Simon Hulme knows exactly what it’s like to sell a business. The serial entrepreneur, lecturer and business mentor has done it twice, having created Frame Express and Card Connection from scratch and then selling them on.
Disposing of a business can be a long-winded and stressful affair. The two things you must do are to retain a top-flight mergers & acquisitions (M&A) adviser and secure the right buyer – one who is straightforward and dependable. Keep a weather eye on economic conditions too. Simon has direct experience of how these can make themselves felt.
Simon started up Frame Express, a fast turnaround picture framing business, in 1984 with a friend. He was 24. The company grew rapidly, with 16 shops in and around London and, at its height, 125 employees. He then sold it to a listed company, the Oliver Group, in 1989 for £1.75 million. His second business, Card Connection, a franchised greetings card publisher, came into being in 1992 and Simon sold it for an undisclosed sum to UK Greetings in 2008, at a point when annual net profits stood at £1 million on £7 million sales.
Simon had been running Card Connection for some 15 years when he decided to sell. The card industry was showing signs of decline, plus consolidation in the retail market was eroding the position of some of the independent retailers on which Card Connection depended, adding pressure to the business. And after 15 years as Chairman and Managing Director, then Executive Chairman he was also ready for a change. “I found that I was weary and bored. It was the right time for me to sell.”
Simon knew the future for his business lay with a bigger player, like the UK arm of American Greetings (AG), so he appointed an M&A agent to make an approach. But the agent failed to approach UK Greetings and while he did secure the interest of a private equity group, Simon found them hard to deal with. The deal then fell apart in the wake of the 2007 collapse of Lehman Brothers. Simon took matters into his own hands. He called the Chief Executive of AG in the UK personally, and appointed a partner at another M&A advisory firm to handle the negotiations.
The deal process
There followed protracted discussions over the Heads of Terms, and the handing over of financial data. Worsening economic conditions only added to the mix. “The company was performing well, but I was concerned that the market might deteriorate, the deal might suffer and the price might be driven down.”
In fact, under the circumstances, the new advisory partner managed to negotiate a fair price. Simon’s original valuation was based on looking at the accounts and arriving at a multiple of the EBITDA (a broad measure of operating cashflow based on earnings before interest, tax, depreciation and amortisation).
“Generally, you might expect an offer to be five times EBITDA or more, if the business is growing and if there are opportunities for cost savings,” says Simon. “Acquirers should share that benefit with the seller in the form of a higher multiple. And this is why generally a trade sale is so much more profitable for both parties.”
Having renegotiated on price, the deal progressed to the due diligence process. Once finalised, there was a further delay, since AG wanted to wait until after their parent company’s year-end in February to complete the deal. “They were very good, straightforward buyers,” he says.
The sale process proved an enormous distraction for Simon, but he continued to focus on the business. “A lot of people run the business down over the course of a sale. I resisted that and we did our very best to help the business to stay running as it should do,” says Simon.
Preparing for sale
The deal was helped by the fact that Simon was able to provide clear financial information on a well-run business. It’s a principle he now emphasises to others in his current role as a business mentor and lecturer at University College London.
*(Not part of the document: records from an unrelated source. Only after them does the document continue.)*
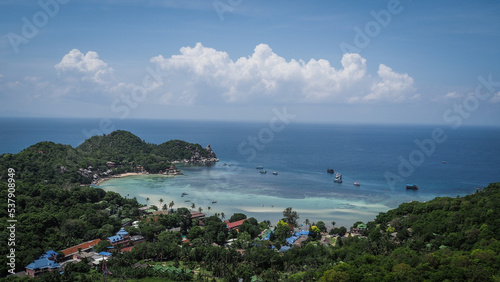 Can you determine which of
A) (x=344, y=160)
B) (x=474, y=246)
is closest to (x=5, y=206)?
(x=474, y=246)

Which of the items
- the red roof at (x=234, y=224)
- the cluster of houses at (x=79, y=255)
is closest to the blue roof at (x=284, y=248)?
the red roof at (x=234, y=224)

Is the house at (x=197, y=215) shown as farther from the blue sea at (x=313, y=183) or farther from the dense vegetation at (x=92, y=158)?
the dense vegetation at (x=92, y=158)

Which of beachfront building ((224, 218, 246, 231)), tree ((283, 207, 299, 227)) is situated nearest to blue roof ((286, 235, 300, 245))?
tree ((283, 207, 299, 227))

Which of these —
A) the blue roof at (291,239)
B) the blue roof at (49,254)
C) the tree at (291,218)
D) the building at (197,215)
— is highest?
the tree at (291,218)

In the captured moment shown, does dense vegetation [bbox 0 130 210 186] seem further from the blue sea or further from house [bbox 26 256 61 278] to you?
house [bbox 26 256 61 278]

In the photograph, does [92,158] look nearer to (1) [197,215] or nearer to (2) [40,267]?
(1) [197,215]

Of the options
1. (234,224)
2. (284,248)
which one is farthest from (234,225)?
(284,248)

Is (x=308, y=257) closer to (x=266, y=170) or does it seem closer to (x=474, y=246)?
(x=474, y=246) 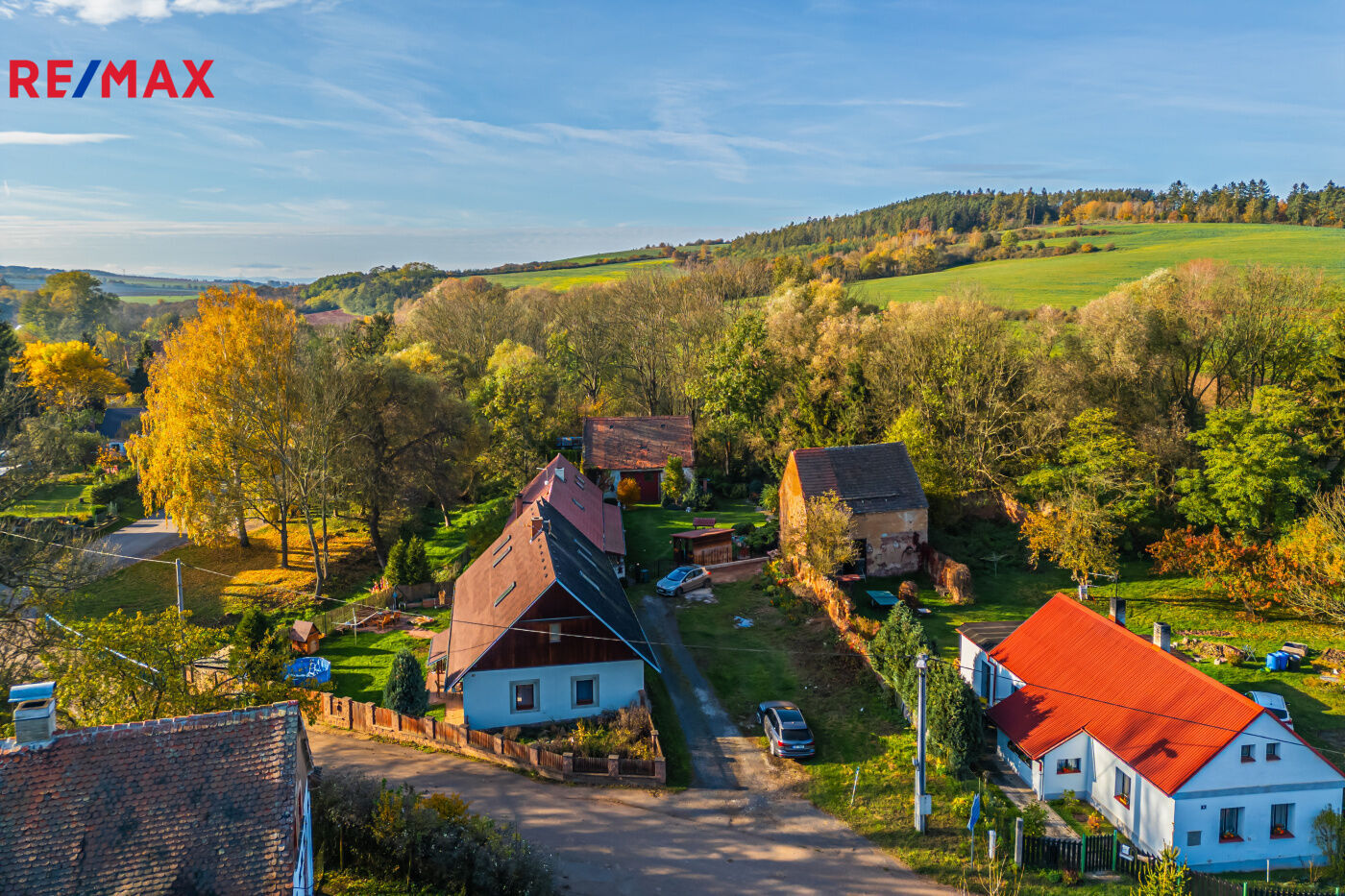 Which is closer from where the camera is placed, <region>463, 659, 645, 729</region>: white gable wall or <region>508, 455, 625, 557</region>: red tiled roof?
<region>463, 659, 645, 729</region>: white gable wall

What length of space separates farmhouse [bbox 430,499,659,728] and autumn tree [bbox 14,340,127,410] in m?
65.4

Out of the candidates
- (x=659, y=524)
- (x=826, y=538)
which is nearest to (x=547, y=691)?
(x=826, y=538)

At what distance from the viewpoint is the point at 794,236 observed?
13200 cm

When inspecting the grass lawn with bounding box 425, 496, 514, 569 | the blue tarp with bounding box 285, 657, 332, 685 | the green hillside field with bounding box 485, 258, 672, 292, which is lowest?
the blue tarp with bounding box 285, 657, 332, 685

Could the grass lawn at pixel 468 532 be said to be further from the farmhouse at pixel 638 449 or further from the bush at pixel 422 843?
the bush at pixel 422 843

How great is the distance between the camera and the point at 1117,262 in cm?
8100

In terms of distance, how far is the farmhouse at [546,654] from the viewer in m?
26.0

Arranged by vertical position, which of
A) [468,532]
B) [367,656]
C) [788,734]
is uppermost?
[468,532]

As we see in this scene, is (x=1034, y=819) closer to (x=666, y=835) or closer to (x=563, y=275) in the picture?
(x=666, y=835)

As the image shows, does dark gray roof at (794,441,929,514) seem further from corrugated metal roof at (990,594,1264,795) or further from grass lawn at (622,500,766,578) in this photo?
corrugated metal roof at (990,594,1264,795)

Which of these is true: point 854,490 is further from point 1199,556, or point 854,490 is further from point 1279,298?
point 1279,298

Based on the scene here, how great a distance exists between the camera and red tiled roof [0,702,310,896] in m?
13.2

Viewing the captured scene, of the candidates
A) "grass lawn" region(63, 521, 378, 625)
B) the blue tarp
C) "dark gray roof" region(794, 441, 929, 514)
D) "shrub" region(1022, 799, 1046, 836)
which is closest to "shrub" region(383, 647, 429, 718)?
the blue tarp

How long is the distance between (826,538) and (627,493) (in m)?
21.8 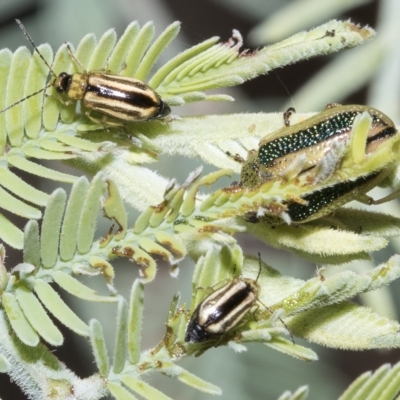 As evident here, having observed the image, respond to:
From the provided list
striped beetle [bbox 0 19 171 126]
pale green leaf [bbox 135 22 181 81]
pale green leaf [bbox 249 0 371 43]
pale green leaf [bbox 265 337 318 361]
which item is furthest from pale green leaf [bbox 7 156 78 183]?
pale green leaf [bbox 249 0 371 43]

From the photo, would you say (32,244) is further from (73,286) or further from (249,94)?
(249,94)

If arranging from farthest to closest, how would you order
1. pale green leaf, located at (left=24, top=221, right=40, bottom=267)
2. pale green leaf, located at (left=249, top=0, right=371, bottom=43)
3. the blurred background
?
1. the blurred background
2. pale green leaf, located at (left=249, top=0, right=371, bottom=43)
3. pale green leaf, located at (left=24, top=221, right=40, bottom=267)

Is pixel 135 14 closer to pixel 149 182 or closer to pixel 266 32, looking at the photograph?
pixel 266 32

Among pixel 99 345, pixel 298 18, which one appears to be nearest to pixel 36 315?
pixel 99 345

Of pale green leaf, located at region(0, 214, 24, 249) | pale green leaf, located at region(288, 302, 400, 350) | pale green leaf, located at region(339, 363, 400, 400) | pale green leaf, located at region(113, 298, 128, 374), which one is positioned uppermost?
pale green leaf, located at region(0, 214, 24, 249)

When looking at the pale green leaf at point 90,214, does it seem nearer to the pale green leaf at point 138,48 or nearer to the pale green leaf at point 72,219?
the pale green leaf at point 72,219

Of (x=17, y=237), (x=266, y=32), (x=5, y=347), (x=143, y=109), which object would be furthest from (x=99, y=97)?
(x=266, y=32)

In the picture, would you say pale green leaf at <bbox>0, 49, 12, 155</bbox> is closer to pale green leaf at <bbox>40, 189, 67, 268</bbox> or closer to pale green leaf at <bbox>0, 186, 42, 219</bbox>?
pale green leaf at <bbox>0, 186, 42, 219</bbox>

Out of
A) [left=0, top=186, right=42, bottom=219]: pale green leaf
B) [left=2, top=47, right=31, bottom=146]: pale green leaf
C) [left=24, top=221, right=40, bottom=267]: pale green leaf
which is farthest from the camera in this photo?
[left=2, top=47, right=31, bottom=146]: pale green leaf
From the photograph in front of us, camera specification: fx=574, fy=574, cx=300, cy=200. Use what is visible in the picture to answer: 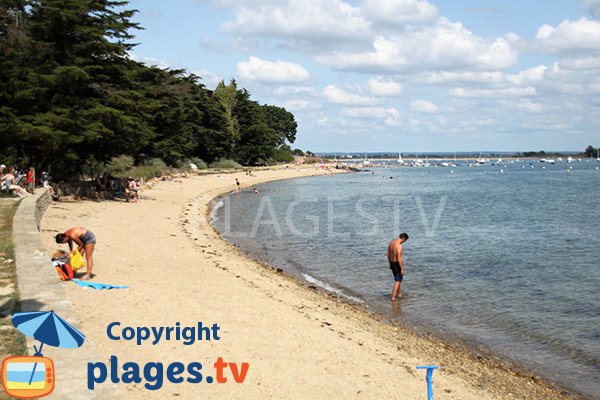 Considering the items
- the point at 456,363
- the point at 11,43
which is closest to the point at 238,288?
the point at 456,363

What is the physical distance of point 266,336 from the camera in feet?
33.1

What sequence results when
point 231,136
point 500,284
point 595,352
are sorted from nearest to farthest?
point 595,352, point 500,284, point 231,136

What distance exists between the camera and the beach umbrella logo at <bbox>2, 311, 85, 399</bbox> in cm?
547

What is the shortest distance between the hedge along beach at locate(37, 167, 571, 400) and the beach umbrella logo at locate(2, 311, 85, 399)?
1.18 meters

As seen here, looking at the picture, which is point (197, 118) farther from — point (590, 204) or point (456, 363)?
point (456, 363)

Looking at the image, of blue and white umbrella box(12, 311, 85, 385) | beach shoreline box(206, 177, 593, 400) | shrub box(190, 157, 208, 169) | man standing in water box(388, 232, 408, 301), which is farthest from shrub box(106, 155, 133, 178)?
blue and white umbrella box(12, 311, 85, 385)

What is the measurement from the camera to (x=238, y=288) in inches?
557

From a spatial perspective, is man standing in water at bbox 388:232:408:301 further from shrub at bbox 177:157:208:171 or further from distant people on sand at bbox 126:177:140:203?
shrub at bbox 177:157:208:171

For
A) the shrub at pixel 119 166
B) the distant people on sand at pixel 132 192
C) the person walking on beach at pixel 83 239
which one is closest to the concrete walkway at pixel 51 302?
the person walking on beach at pixel 83 239

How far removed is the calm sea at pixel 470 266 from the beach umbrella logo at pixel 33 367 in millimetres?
8591

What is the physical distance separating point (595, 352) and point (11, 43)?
26.2 metres

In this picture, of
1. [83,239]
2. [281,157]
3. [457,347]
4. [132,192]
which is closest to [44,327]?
[83,239]

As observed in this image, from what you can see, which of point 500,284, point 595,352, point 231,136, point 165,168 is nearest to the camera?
point 595,352

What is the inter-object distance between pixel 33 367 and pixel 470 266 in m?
18.1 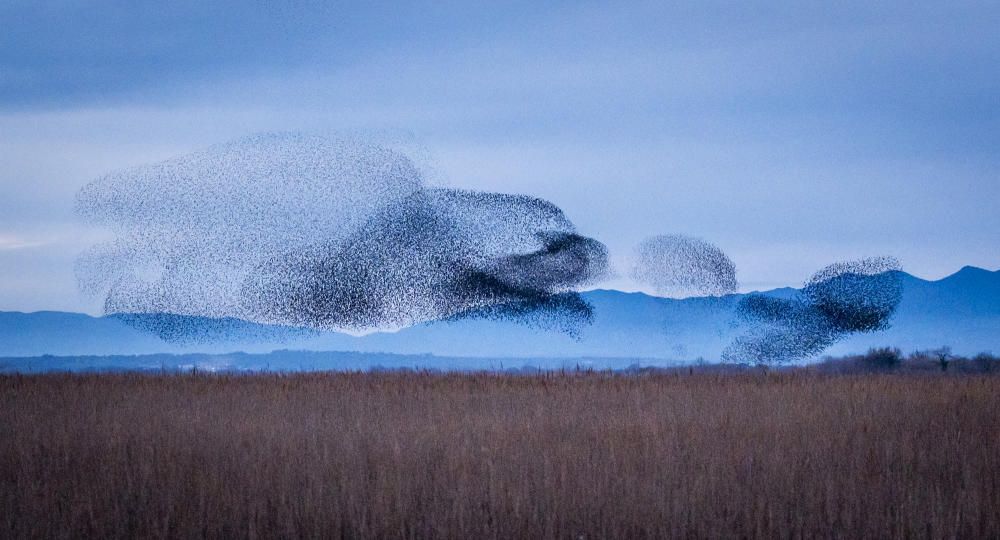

“You don’t want your lifestyle mixed up with your business. I always say to people, ‘Keep your business clean so that if someone comes along to buy it, they can see clearly what the business performance is’. To reduce their tax bill, people are tempted to put personal expenditure through the company. They then have to say to a buyer that the business is actually more profitable than it appears. That’s unacceptable and they’ve actually set up a tax liability that the buyer will potentially have to take on. Keep your business squeaky clean.”
Life after the deal
Having finally handed over Card Connection, Simon found the aftermath of selling up brought fresh challenges. Having sold a business, one can be left with plenty of cash in the bank, but it can be difficult to know where to invest next, especially when stock markets are struggling. “I now have a combination of business angel investments, a stock portfolio and property,” says Simon. “A very common mistake to make is to rush into investing in another business. I and others have lost money that way.” Clearly, having a strategy of diversified investments, and taking your time about it, remains critical to moving ahead post-deal.
Five business lessons
- Know your target. Don’t waste time chasing prospective buyers that won’t have the clout or the potential to take your business forward.
- Be squeaky clean. Transparent finances can appeal significantly to a buyer.
- Be patient. Discussions, number-crunching and due diligence are crucial, although they can feel interminable. Don’t rush the deal through at the expense of ironing out every last wrinkle and risk tripping yourself up further down the line.
- Have experts on hand. Hiring someone dependable, knowledgeable and able to translate the complexities of deal negotiations will allow you to focus on maintaining the success of the business you’re trying to sell.
- Once you struck a deal and have moved on, remain cautious, clear-headed and open to expert advice.